En effet, la 1ère Chambre de la Cour de cassation n’a pas toujours eu une position aussi tranchée que celle prise dans ces deux arrêts et il semble que cette dernière tire toutes les conséquences de l’arrêt rendu le 15 février par l’Assemblée plénière de la Cour de Cassation.
Cet arrêt, qui mettait fin à des divergences d’interprétation de l’article 53 précité entre la Chambre criminelle et la 1ère Chambre civile de la haute juridiction avait jugé « nulle une assignation retenant pour le même fait la double qualification d’injure et de diffamation», au motif que ce cumul de qualification est « de nature à créer pour les défenderesses une incertitude préjudiciable à leur défense » (sic) (cf. à propos de Cass. Ass. Plen., 15 février 2013, Pourvoi n°11-14637).
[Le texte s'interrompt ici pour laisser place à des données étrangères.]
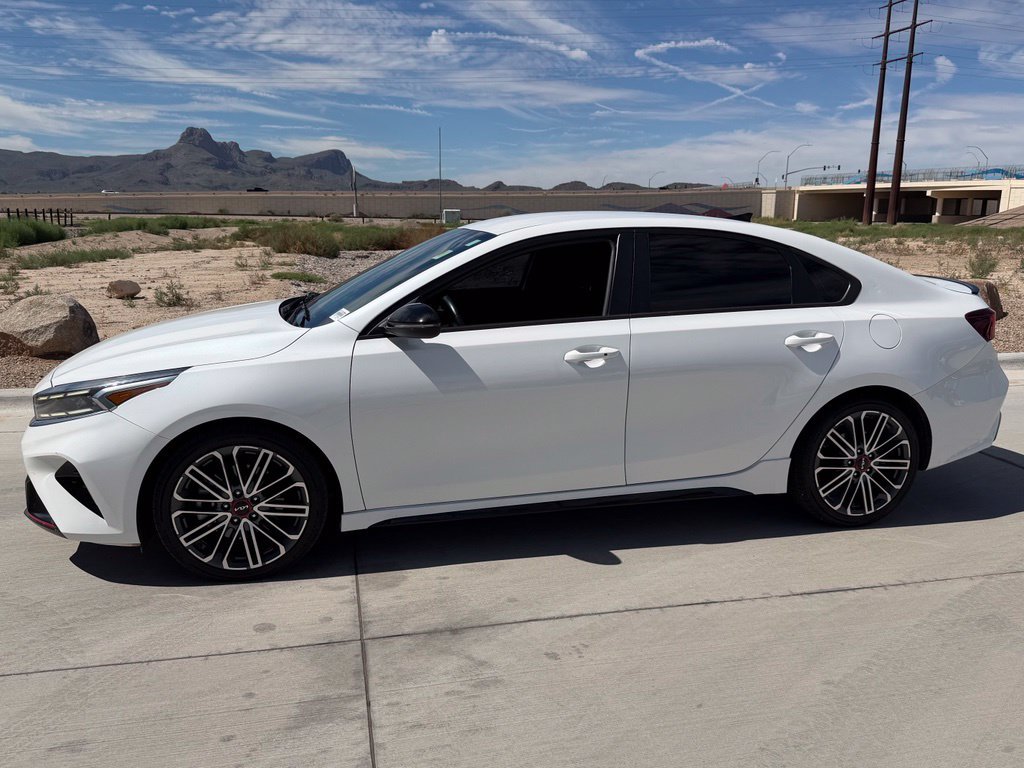 Used 2023 White Kia GT image 4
Cet arrêt était justifié par le fait que le formalisme imposé par l’article 53 de la loi sur la liberté de la presse doit permettre au défendeur de connaître précisément les faits qui lui sont reprochés et leur qualification ; et ce afin de pouvoir choisir les moyens de sa défense, lesquels ne sont pas identiques en matière de diffamation et d’injure puisque l’article 55 permet d’apporter la preuve de la vérité des faits diffamatoires dans le délai de dix jours prévu par la loi, alors que pareil moyen de défense n’existe pas en matière d’injure.
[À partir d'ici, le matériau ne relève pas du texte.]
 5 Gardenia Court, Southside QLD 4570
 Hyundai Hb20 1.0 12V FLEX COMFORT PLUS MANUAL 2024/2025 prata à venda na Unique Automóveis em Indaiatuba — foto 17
Les deux arrêts du 4 février vont plus loin.
Dans la première affaire, une personne a assigné en référé un tiers qui avait ouvert un site Internet en son nom pour y reproduire sa photographie accompagnée de commentaires désobligeants ; et ce sur le fondement de la diffamation et de l’atteinte à son droit à l’image.
La Cour de cassation censure la Cour d’appel de Paris qui a condamné le tiers poursuivi au motif qu’ « est nulle une assignation qui retient pour les mêmes faits une double qualification fondée sur la loi du 29 juillet 1881 et sur l’article 9 du Code civil ».
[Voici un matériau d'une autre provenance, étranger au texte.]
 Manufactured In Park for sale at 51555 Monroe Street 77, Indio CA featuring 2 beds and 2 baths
Dans la seconde affaire, un particulier a cette fois-ci assigné un journal et son directeur de publication pour diffamation et atteinte à sa présomption d’innocence après avoir constaté la publication de différents articles l’accusant notamment de tenir une comptabilité bidon et de valider des faux.
De la même manière, la Cour de Cassation censure l’arrêt de la Cour d’appel d’Aix-en-Provence et juge qu’une assignation qui retient pour les mêmes faits une double qualification fondée sur la loi du 29 juillet 1881 et sur l’article 9-1 du Code civil est nulle.
La solution semble donc désormais totale : un même fait ne peut être poursuivi cumulativement ou alternativement sous la double qualification d’un délit de presse et d’une autre qualification, que ce soit un autre délit de presse ou bien encore un autre fondement juridique tel que l’atteinte à la vie privée, au droit à l’image ou à la présomption d’innocence.
Défendre son e-réputation sur Internet nécessite donc de faire des choix cruciaux en matière de qualification juridique sous peine de voir ses actions anéanties dès leur lancement par la nullité de l’assignation.